CRISP-DM Phase 2: Data Understanding

Zipporah Luna
Analytics Vidhya
Published in
3 min readAug 5, 2021

--

This is part 3 of the 7-part series’ summary explanation of the openSAP’s 6-week Getting Started with Data Science (Edition 2021) course by Stuart Clarke. Part 2 is here.

Part 2 Recap

In the second part of this series, I explained why it is important to have a business understanding before starting a data science project as it will be one of the main drivers to build your project.

There are six phases of CRISP-DM with particular tasks and output:

Six phases of CRISP-DM:

  1. Business Understanding
  2. Data Understanding
  3. Data Preparation
  4. Modeling
  5. Evaluation
  6. Deployment

In this third part of the series, we will focus on the second phase which is Data Understanding. After having a business understanding, you need to understand what data do you have, where to get the data, what is in your data, and if your data is of quality.

Why do you need to understand your data?

In the business understanding phase, the fourth task which is the Produce Project Plan covers describing the resources needed. In this phase, you need to identify already what data you have, where to get the data, what tools to use to get the data, and how much data available is crucial. Understanding your data from the initial phase will make your data science project more sense.

Imagine you are tasked in predicting house prices and you do not know where to get the data, what approach will you take? What if the data only has 50 records and the records are mostly commercial spaces? Will it be appropriate to use and will it be enough?

Always remember, before diving in a data science project, always know and understand first WHAT data to acquire, WHERE to acquire, HOW to acquire, and HOW MUCH data to acquire.

The Breakdown

In the course, Stuart have broken down the tasks and output of the second phase in detail. *see below

In the process flow above, Data Understanding is broken down into four tasks together with its projected outcome or output in detail.

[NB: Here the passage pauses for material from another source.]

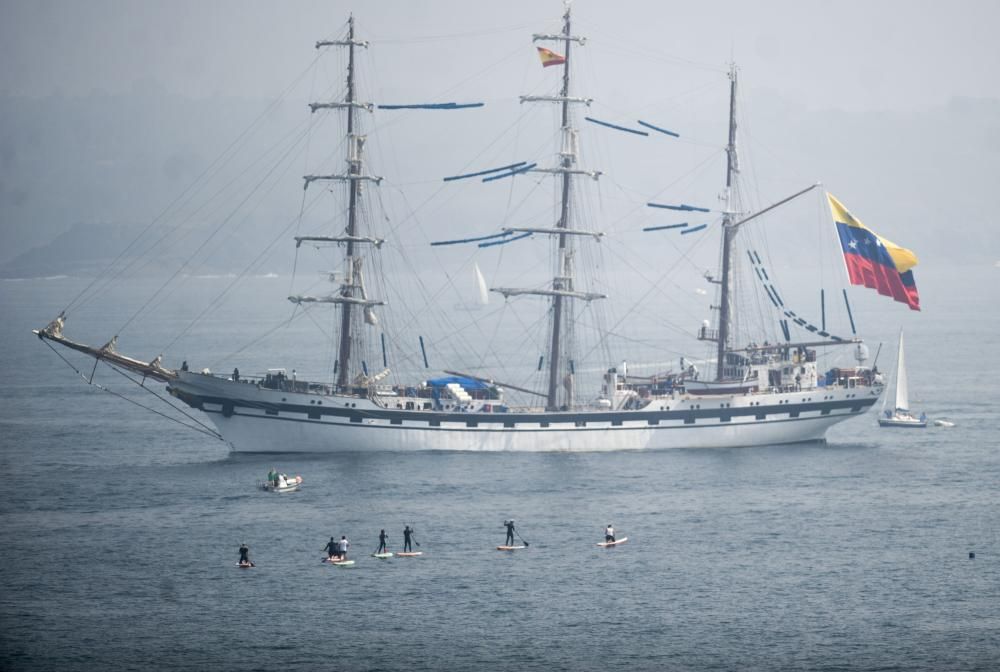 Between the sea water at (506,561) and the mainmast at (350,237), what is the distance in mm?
9359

Simply put, the Data Understanding phase’s goal is to:

  • Collect Initial Data or acquire the data and its access to the data listed in the projects resources. Collecting initial data also means you need to have a checklist of the dataset you have acquired, the dataset location, the methods to acquire the datasets, and record any problems encountered and any solutions to the problems for the other users or project members to be aware of.
  • Describe Data by examining the properties of the data acquired, provide a description report regarding the format of the data, quantity of data and even the records and fields in each table or datasets.
  • Explore Data by using data science questions that can be quickly answered through querying, visualization, and reporting or summary report. In this stage, you will be able to find your first or initial hypothesis and their impact on the project.
  • Verify Data Quality by examining if the data is complete. If the data has errors or are there missing values and if there is, what is the percentage of the missing values versus the overall data obtained.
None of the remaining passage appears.